Supply and demand for retail space both decelerated in the quarter, "as fewer developers build traditional neighborhood and community shopping center space," wrote Reis Senior Economist Barbara Byrne Denham. "Still, tenants are leasing stores in what is getting built as shoppers prefer the new over the old in any market."
Landlords are scrambling to fill vacant retail space and will have to scramble all the more as Forever 21 this week said it would add 178 stores to a closure count that has already surpassed last year's grim total.
Retailers so far in 2019 have closed nearly 7,300 stores, which so early in the year is not only more than 2018 but more than in any other full year, according to accounting and consulting firm BDO.
But in her report, Denham downplayed that latest loss and said the market can withstand it.
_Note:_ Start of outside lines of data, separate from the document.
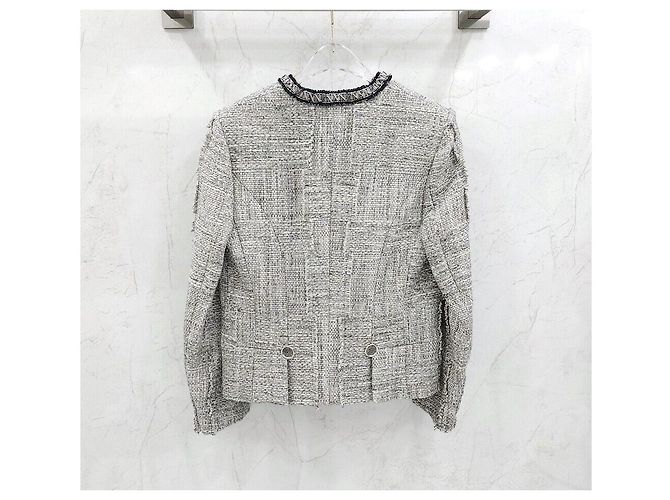 Louis Vuitton Low Tweed Boxy Jacke Silber - Ansicht 2
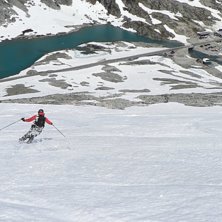 lite sn&oslash; p&aring; stryn denne sommersesongen.... Foto: Kent Oksd&oslash;l. &Aring;kare: Kjersti.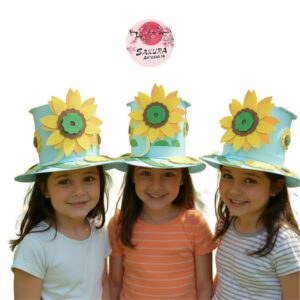 Galera Girasoles celeste Primavera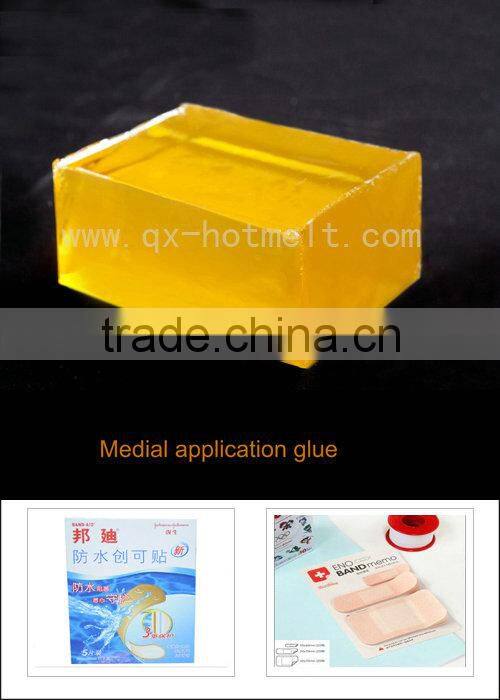 Medical application hot melt adhesive
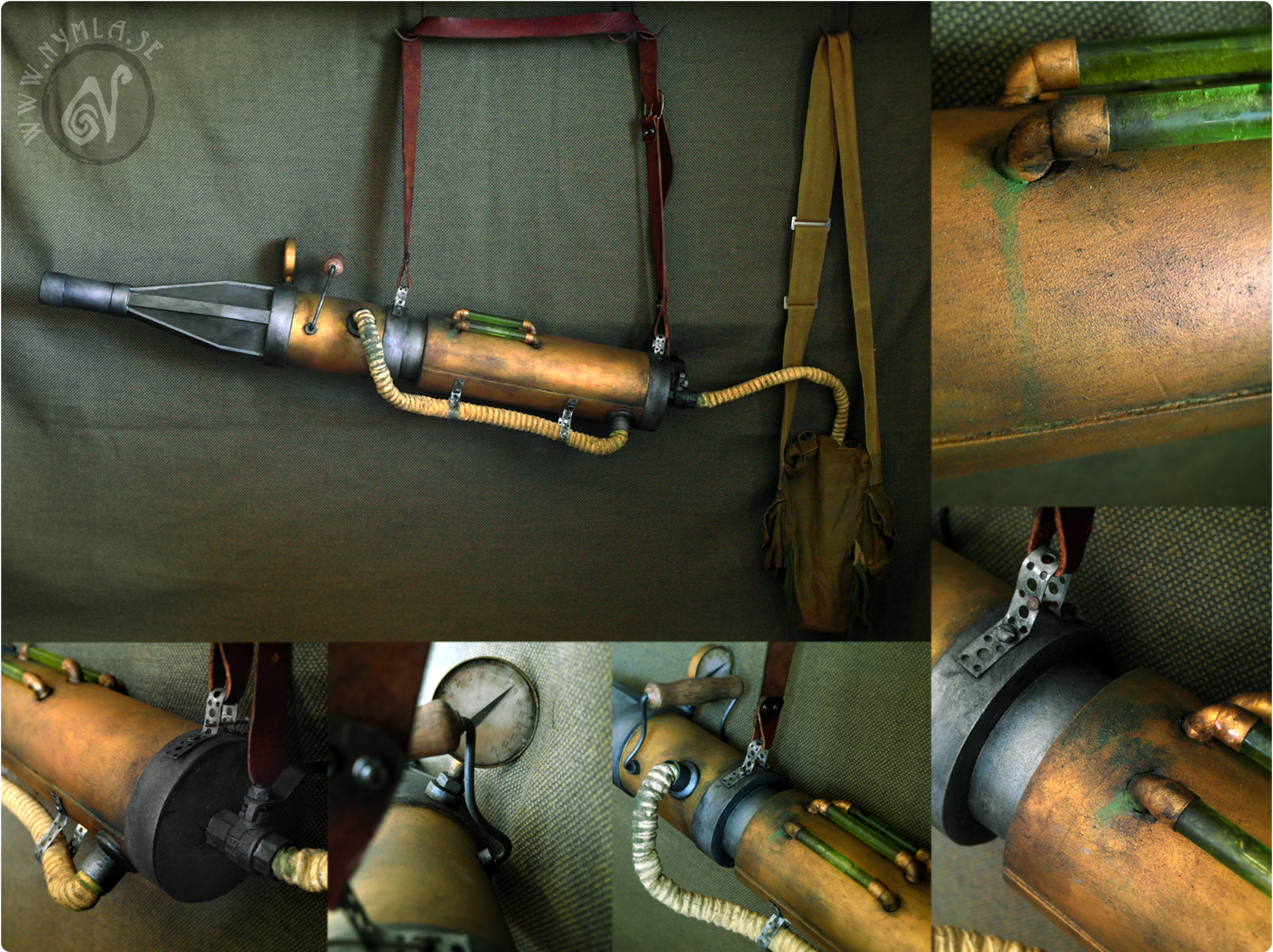 Steampunk Chemical Blaster Weapon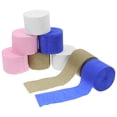 thumbnail image 1 of KAKOWELY 8 rollos de papel crepé con serpentinas de colores degradados para fondos de fiesta, cumpleaños, baby shower, decoraciones de boda, fáciles de usar, 1 of 5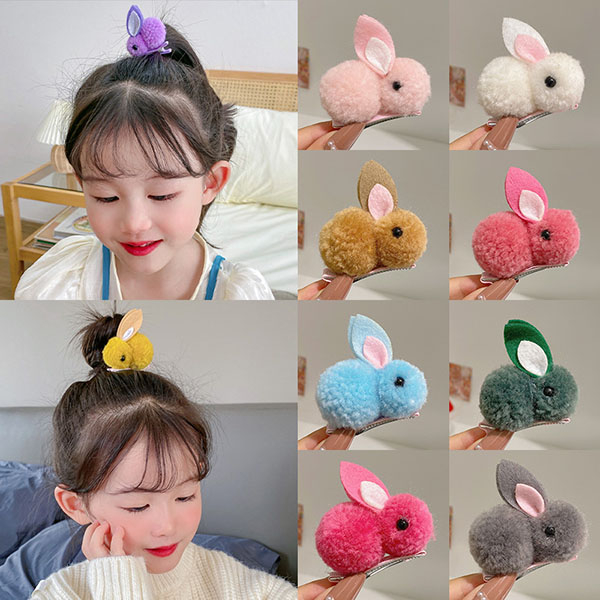 Jepit Rambut Anak Perempuan Lucu Karakter Kelinci / Jepitan Unik Bentuk Kelinci / Hairpin Cute Rabbit Import / TV-44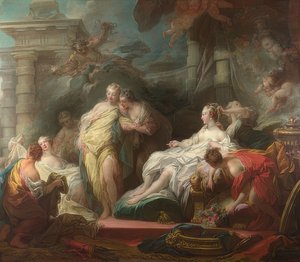 Psiche mostra regali di Amore alle sue sorelle da Jean Honore Fragonard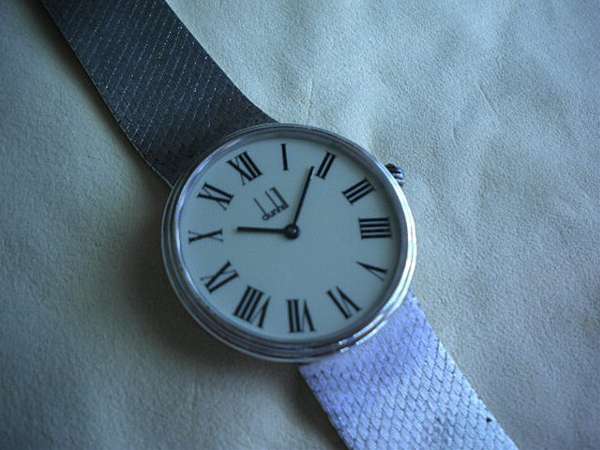ダンヒル アンティーク クロノメーター 銀無垢 手巻時計 | 時計の委託 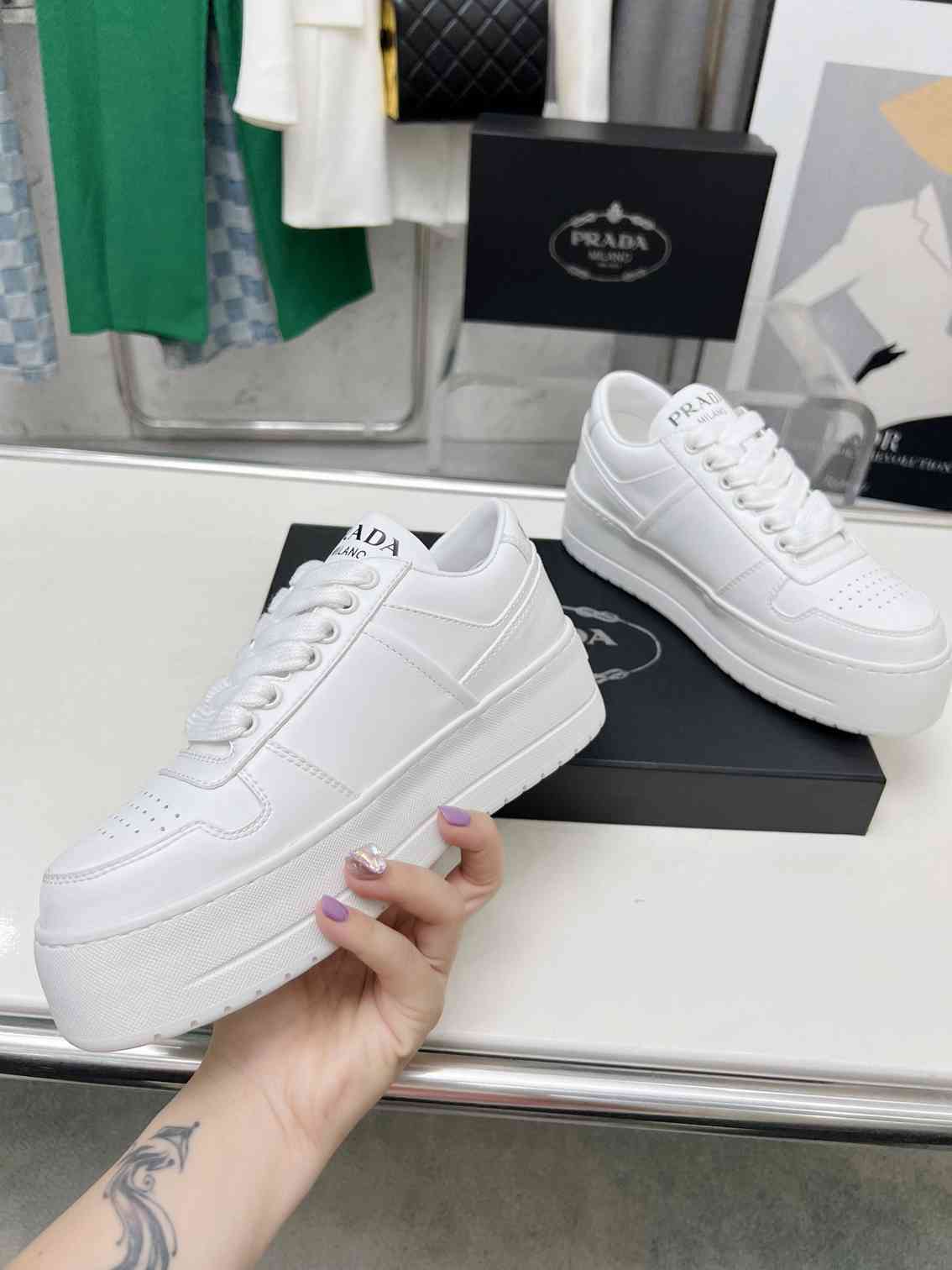 White Leather Shoes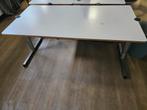 Gispen bureaus 160 x 80 cm wit, Huis en Inrichting, Bureaus, Ophalen, Gebruikt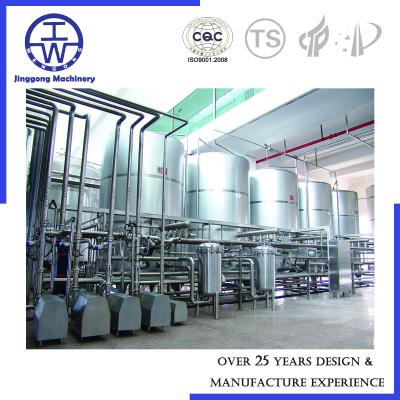 China 100L - 5000L Clean In Place Plants Stainless Steel Beer Beverage Dairy PU Insulation for sale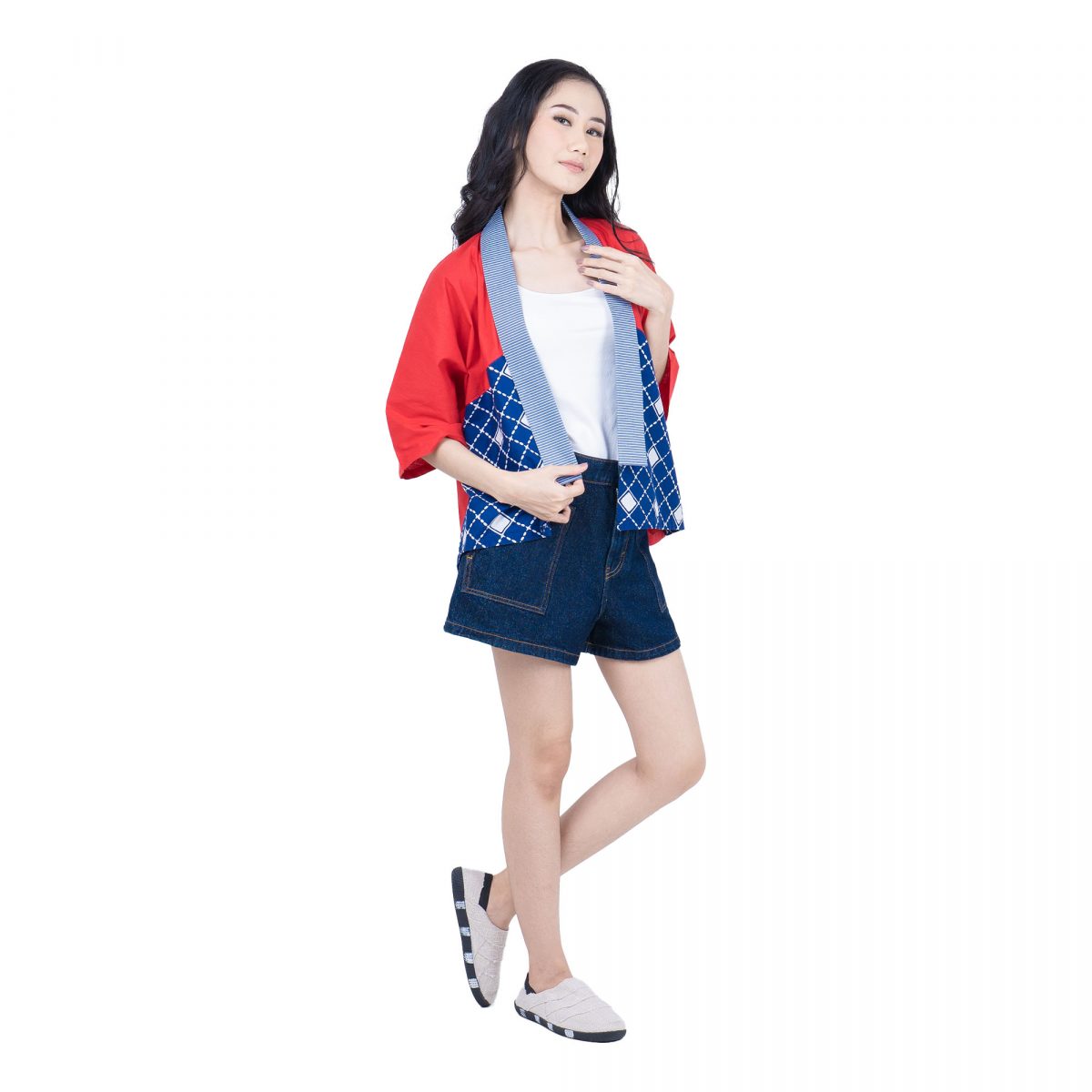 Lindsey Blazer Navy Red - Image 3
"The retail sector has withstood numerous store closings, this latest one should not deliver a big blow," she said of the fast-fashion retailer's announcement. "Retail spending remains healthy as consumer spending keeps climbing in step with job growth. In short, the retail sector is poised to continue to grow at the current slow but steady rate."
The report seems to underscore that regional malls are doing worse compared to strip-style centers. Such malls have traditionally been anchored by department stores, which have been falling like dominoes. Sears, J.C. Penney and Macy's have also exited malls as they shuttered hundreds of locations in the past few years.
Their departures have fed a vicious cycle, where the resulting traffic decline hurts other mall tenants, which in turn close or open their hands to re-negotiate rents. "Many malls now have only one, maybe two anchors, where they once had three or more," Keith Jelinek, Managing Director at Berkeley Research Group, told Retail Dive in an interview. Traditional malls are less convenient to shop than community strip centers, at a time when consumers are pressed for time and anxious for convenience, he also said.
That has prompted the likes of GNC and even Gap to consider those strip-style locations, where traffic is fairly low but conversion often higher.
Still, many landlords are finding new tenants, though not always retailers. Movie theaters, doctor's offices and municipal motor vehicle departments are increasingly found in malls, Jelinek said. In some areas, churches have also started taking over anchor locations or even entire malls.
While how much that helps retail remains an open question, it could be helping support rent in some areas. "Although retail store closures and bankruptcies still dominate the news, the overall retail property statistics have held steady as new users fill vacated space of large department stores," according to the Reis report.